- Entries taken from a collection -
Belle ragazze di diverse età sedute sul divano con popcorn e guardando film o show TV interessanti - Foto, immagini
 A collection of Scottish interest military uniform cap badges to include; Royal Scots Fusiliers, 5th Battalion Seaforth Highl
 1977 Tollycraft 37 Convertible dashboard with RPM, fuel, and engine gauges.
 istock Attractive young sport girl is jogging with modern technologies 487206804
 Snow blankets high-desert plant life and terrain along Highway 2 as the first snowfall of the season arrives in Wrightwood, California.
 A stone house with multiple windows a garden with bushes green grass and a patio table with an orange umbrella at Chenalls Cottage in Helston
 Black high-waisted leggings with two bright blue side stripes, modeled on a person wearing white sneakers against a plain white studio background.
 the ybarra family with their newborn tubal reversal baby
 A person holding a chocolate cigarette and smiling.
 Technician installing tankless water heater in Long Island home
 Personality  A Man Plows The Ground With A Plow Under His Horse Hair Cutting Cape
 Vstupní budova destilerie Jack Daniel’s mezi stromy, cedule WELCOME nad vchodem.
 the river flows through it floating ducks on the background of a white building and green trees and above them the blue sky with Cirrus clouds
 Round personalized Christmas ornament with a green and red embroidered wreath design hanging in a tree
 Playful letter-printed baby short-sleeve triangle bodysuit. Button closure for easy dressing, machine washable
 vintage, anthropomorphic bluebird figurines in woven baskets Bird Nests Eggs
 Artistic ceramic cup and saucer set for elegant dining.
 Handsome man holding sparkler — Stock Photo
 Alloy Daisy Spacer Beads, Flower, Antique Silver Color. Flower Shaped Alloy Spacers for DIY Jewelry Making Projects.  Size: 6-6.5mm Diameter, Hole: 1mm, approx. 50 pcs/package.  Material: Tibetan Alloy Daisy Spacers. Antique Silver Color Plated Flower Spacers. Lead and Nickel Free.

- DIRECTIONS FOR THIS TASK -
The answer must consist of every line from the records above that holds "baby".

- WRITTEN RESPONSE -
 the ybarra family with their newborn tubal reversal baby
 Playful letter-printed baby short-sleeve triangle bodysuit. Button closure for easy dressing, machine washable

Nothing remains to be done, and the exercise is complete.